The write-barrier is an interface between Ruby runtime and its objects, which allows the interpreter to track references to and from the object as soon as they are created.

C-extensions can make new references to objects without using the write-barrier, in which case the objects are marked shady or write-barrier unprotected. The remembered set is simply a list of old objects with at least one reference to a new object.

Customize Ruby Garbage Collection Performance

Now that you understand how Ruby GC manages your application's memory, it is time to look at the options available to customize GC's behavior.

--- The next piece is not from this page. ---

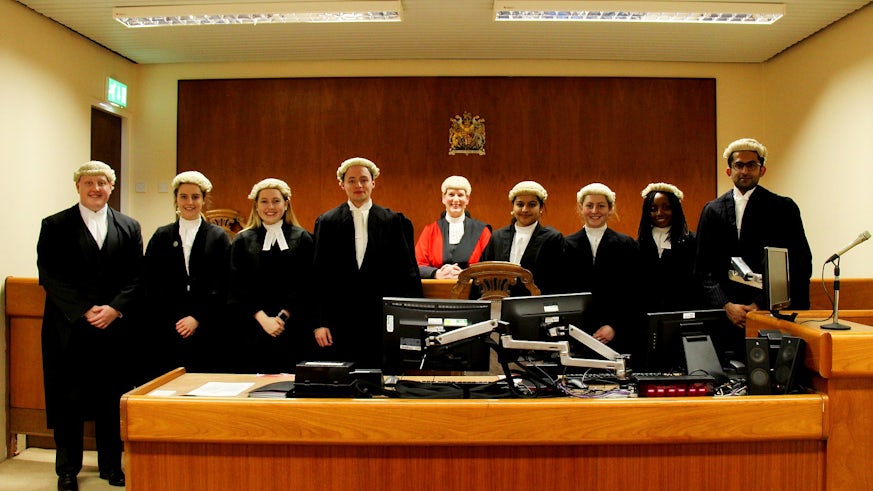 The mock trial finalists with The Recorder of Cardiff, HHJ Tracey Lloyd-Clarke, acting as Judge. Photo by Jonathan Marsh.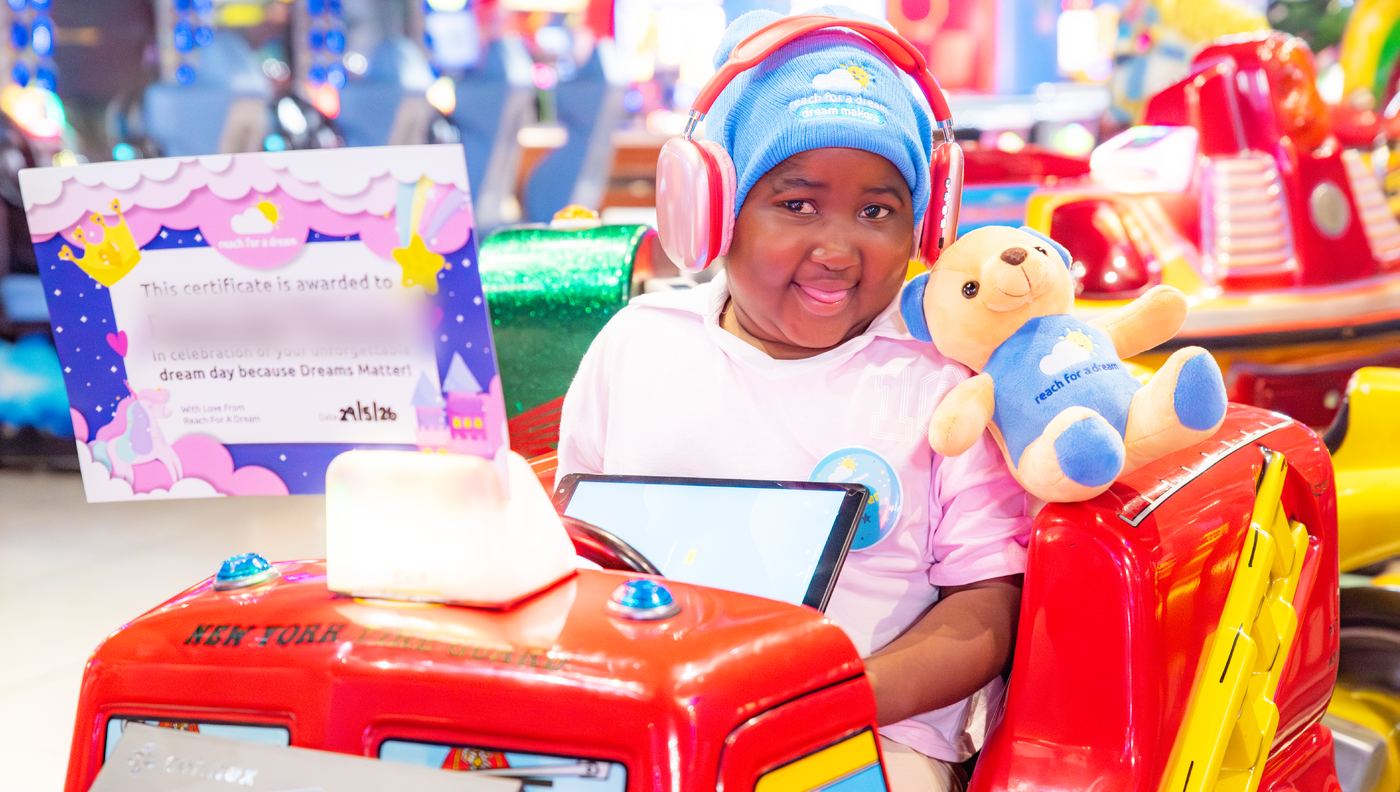 A girl in a ride-on fire engine holding a teddy bear, wearing headphones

Here are environment variables that you can use to moderate the performance of Ruby GC and, in turn, improve the performance of your application:


Let's talk about the important parameters here, one by one:

  • RUBY_GC_HEAP_INIT_SLOTS: defines the initial number of slots on the Ruby heap and is set to 10000 by default. You might want to change this parameter if you're sure that your app will initially allocate most of its objects.
  • RUBY_GC_HEAP_FREE_SLOTS: controls the minimum number of free slots that must be available right after a GC cycle. Its default value is 4096. This value is only used once at runtime during the first heap growth.
  • RUBY_GC_HEAP_GROWTH_FACTOR: the factor by which available heaps to the Ruby interpreter grow. Its default value is 1.8. Changing this makes little sense, as Ruby is already aggressive at heap growth. It will not make much difference if you try decreasing it since heaps are allocated on-demand in modern interpreters.
  • RUBY_GC_HEAP_GROWTH_MAX_SLOTS: the maximum number of slots Ruby can add to the heap space at once. The default value is 0, which stands for no limit on the number. If your app needs to allocate millions of objects in its lifetime, you might want to put a cap on this parameter. However, it will have a pretty low effect on the GC time of your app.
  • RUBY_GC_HEAP_OLDOBJECT_LIMIT_FACTOR forces the interpreter to carry out a major GC cycle when the total number of old objects in memory = more than this number x number of old objects in memory after the last GC cycle. You might want to increase this number if you think many of your objects will become unused after they enter the old generation. However, this is rarely needed.
  • RUBY_GC_MALLOC_LIMIT is the minimum limit of malloc calls for the new generation. Its default value is 16 MB. RUBY_GC_MALLOC_LIMIT_MAX is the maximum limit for the same malloc calls. Its default value is 32 MB. You might want to increase these two limits if your application uses higher than average memory. However, be careful not to raise these too much. Otherwise, they might lead to higher peak memory consumption. Always increase these limits incrementally — say, by 4 or 8 MB.
  • RUBY_GC_MALLOC_LIMIT_GROWTH_FACTOR is the growth factor of the malloc limit for the new generation. Its default value is 1.4. You should consider increasing this number if your app allocates memory in chunks rather than whole at once.
  • Similarly, RUBY_GC_OLDMALLOC_LIMIT and RUBY_GC_OLDMALLOC_LIMIT_MAX are the minimum and maximum malloc limits for the old generation. The default values of these parameters are 16 MB and 128 MB.
  • RUBY_GC_OLDMALLOC_LIMIT_GROWTH_FACTOR is the growth factor of this limit. Its default value is 1.2. You can consider changing these with the new generation limits for maximum effect.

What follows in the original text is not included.